I rolled over, balancing my chin on his chest. “Did you really have a strict mother?”

It seemed a little wrong, asking about his runaway human mom when I knew a little bit of the history. But I wanted to hear more about Caleb from his own mouth, his own version. The story I’d heard about cruel, thoughtless Lydia Graham, who had forgotten the promises involved in mating and left her husband and child to themselves, had been twisted in the telling by so many indignant werewolf housewives that I didn’t know if I could trust it.

He blanched a bit at the question. “Oh, I don’t know. I mean, she didn’t stick around long enough for me to figure her out. She left when I was five. Dad met her when he was traveling in Washington State. He told her that he lived in the middle of nowhere, Alaska, but I don’t think she really got it until she moved there. And then she was stuck. Not stuck the way you were,” he clarified carefully. “I don’t remember them fighting or yelling or Dad being anything but good to her. It was seeing the same people every day, having the same conversations. Dad said he thought it drove her a little crazy. So she waited until I was in school one morning and ran for it.”

As a woman who had once run for it, I could sympathize with Lydia and the desperation she must have felt to have taken such a step. But at the same time, how could she leave her little boy behind? I was thankful, at least, that she’d left him with other werewolves so he wouldn’t go through his transformation without that support. And in some remote, gloomy corner of my mind, I couldn’t help but think that he was repeating his father’s cycle all over again, choosing a woman—however temporarily—who would inevitably leave him. Freud would have a field day with Caleb Graham.

“Did you ever hear from your mom?” I asked, running my fingers through his hair.

He leaned into the caress and shook his head. “Wasn’t interested. She made her choice.”

“And your dad?” I asked.

“He always missed her. He was a good dad. He loved me like crazy, did all of the things a dad was supposed to, but you could tell life was just a little bit less than it should have been for him.”

I gave him a little half smile and kissed him. “I’m sorry.”

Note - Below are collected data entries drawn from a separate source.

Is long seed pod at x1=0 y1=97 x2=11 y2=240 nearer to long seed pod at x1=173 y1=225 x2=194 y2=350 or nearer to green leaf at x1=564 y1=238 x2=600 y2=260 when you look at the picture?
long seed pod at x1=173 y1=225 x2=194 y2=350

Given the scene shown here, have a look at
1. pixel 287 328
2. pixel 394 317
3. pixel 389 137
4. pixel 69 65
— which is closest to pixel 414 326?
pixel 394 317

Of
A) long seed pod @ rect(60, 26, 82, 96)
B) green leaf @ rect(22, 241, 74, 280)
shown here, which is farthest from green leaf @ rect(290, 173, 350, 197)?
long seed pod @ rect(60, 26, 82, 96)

“It is what it is. Yeah, it sucks, and my life could have been better. But there were people in my family who had it a lot worse. So I can’t really complain.” He rolled onto his side and slid his hand down my stomach, tracing each of my ribs with his fingertips.

“What was it like growing up in the valley?” I asked.

“It was the best kind of childhood for a little kid,” he said, sighing. “I spent a lot of time playing in the woods with Samson and Cooper. Maggie was the little sister I never really wanted. We were always chasing something, hunting, running around. Cooper and Samson lost their dads pretty early on, so my dad took them under his wing, so to speak. He taught us how to fix a car, clear a clogged sink, skin a deer with your bare teeth, that sort of thing.”

“Sounds idyllic, in a twisted Tom Sawyer kind of way.”

“We had to grow up fast. Cooper became the alpha when we were just teenagers. And then that other pack tried to take over the valley, and everything got so screwed up. It just seemed easier to pull away from all that confusion. I knew my dad was disappointed that I moved away, but it just didn’t feel right for me to be there anymore.”

“Was it Suds who got you into the whole werewolf-tracker-for-hire business?”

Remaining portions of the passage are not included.